William Easterly feeds the trolls

Easterly writes,

Naidu, Rodrik, and Zucman may have trouble finding debate partners who will defend ideological, fundamentalist, fetishist neoliberalism. As a personal favor to the authors, whom I like and respect, I will volunteer to be at least a neoliberal—I hope to be excused from the other labels.

If the publication had asked me to engage with Naidu, Rodrik, and Zucman, I would have insisted that first they rewrite their essay to take out all of the boo-words and straw-man accusations. To tolerate below-the-belt intellectual punches because you “like and respect” the perpetrators is to commit a version of the ad hominem fallacy.

Or to boil it down: Don’t feed the trolls.

6 thoughts on “William Easterly feeds the trolls

  1. What “fetishes” do neoliberals have and how do they differ from beliefs that we normal, unbiased people have?

  2. Easterly, who is great on development economics, is disagreeing with the bad logic arguments against too much market put out by Naidu+, called “market fundamentalism”

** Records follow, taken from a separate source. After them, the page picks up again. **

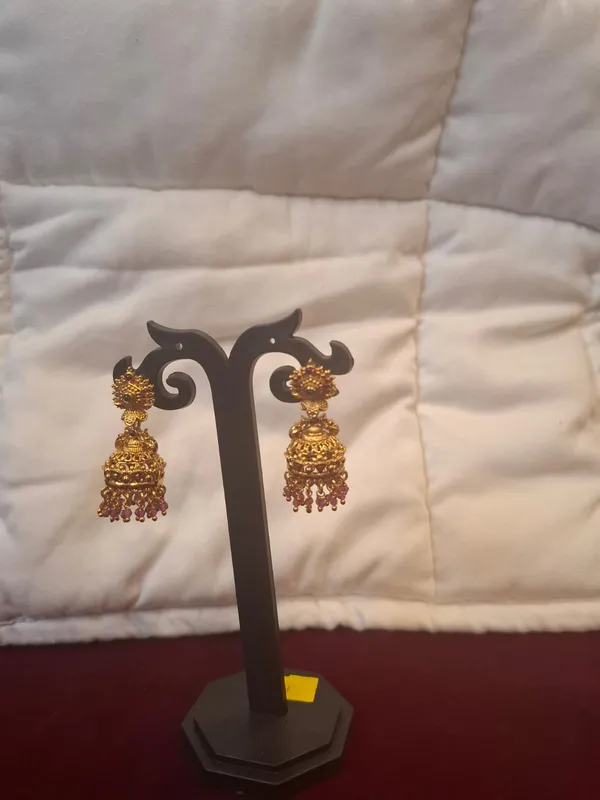 Gold_Antique_Metal_Jhumka_Earrings_With_Red_Beads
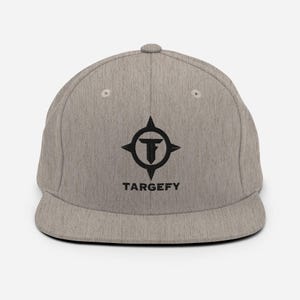 Puede incluir: Una gorra de béisbol gris jaspeado con visera plana y corona estructurada. La parte frontal presenta un logotipo bordado en negro con un diseño de brújula estilizada que rodea la letra T, con el texto TARGEFY en letras mayúsculas negras.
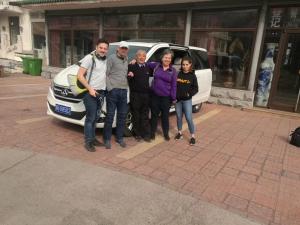 a group of people standing in front of a car at Tianjin Jixian Libo Family Farmstay in Jizhou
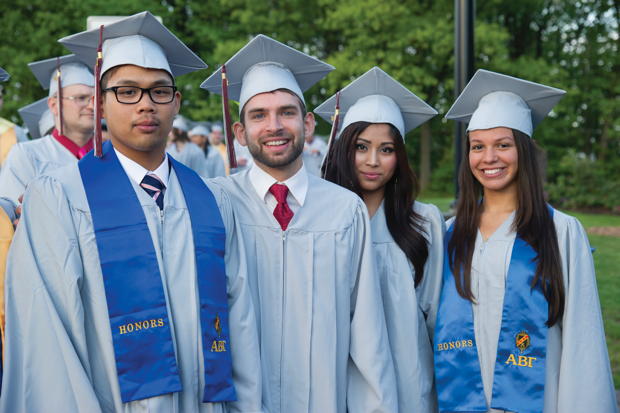 Students celebrate their 2014 graduation from the County College of Morris.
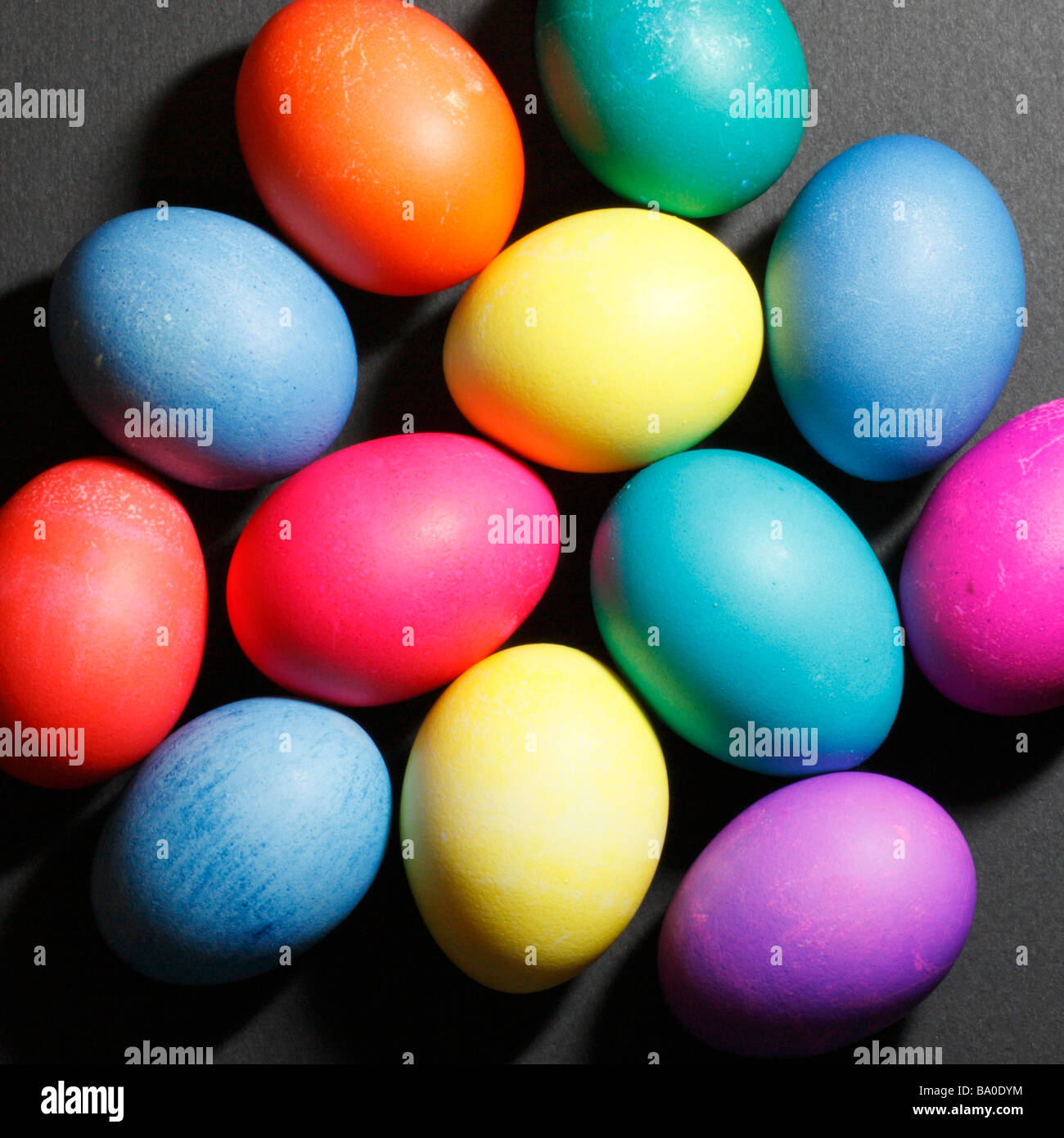 Une douzaine d'œufs de Pâques colorés sur fond noir. Banque D'Images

    There is, quite simply, too much straw-manning going on in this debate. Market fetishism implies laissez faire with no role for government, while market criticism gets unfairly associated with the North Korean approach to inequality. Both sides talk only about the danger in one direction and not the other.

    Easterly is good about noting examples where bad gov’t is a disaster, but where “more market”, like in China, has resulted in far more growth. He mentions the positive sum nature of trade, while doing the almost-required anti-Trump critique against a trade war. (No mention of how Trump has made lower tariffs with Canada, Mexico, and the EU — negotiated because of a willingness to increase tariffs. Which hurt the US; but hurt the trade partner far more.)

    as Naidu and his co-authors make clear, their real enemy is inequality, and they see fighting it as a moral value. That value is common, but it is not the only one. Some voters also value personal rights and self-determination, while disliking coercion and dictation by others.

    I, too, am becoming more concerned about inequality, but other issues remain important.

    Now I’m reminded that, on the victim-victimizers axis, with inequality one can become a “victim” at the 50%, 80%, even 90% income level, relative to the huge incomes and wealth of the top 1%, now often the top 0.1%.

    As victims become more socially superior, those not in the top 1% can claim victimhood status with such a focus on inequality, and they will do so.

    Still, the capital gains tax rates should be as high, or higher, as the income tax rates. Plus there will be increasing calls for land & financial asset wealth taxes.
    Somewhat in sync with Tucker Carlson’s Jan. screed.

  3. You’re witnessing the process whereby a word gets “owned” by the targets of a pejorative and is rendered into a badge of pride. Like “Obamacare.” And unlike that one, “neoliberal” doesn’t even sound somewhat inherently insulting. “New liberal.” So?

  4. Those of us on the freedom/tyranny axis are often accused of worshiping at the altar of capitalism. I’d really like to know where that altar is located because, given the results around the world and in my own simple life, I’d gladly make a pilgrimage there to burn some incense or sacrifice a cornish hen.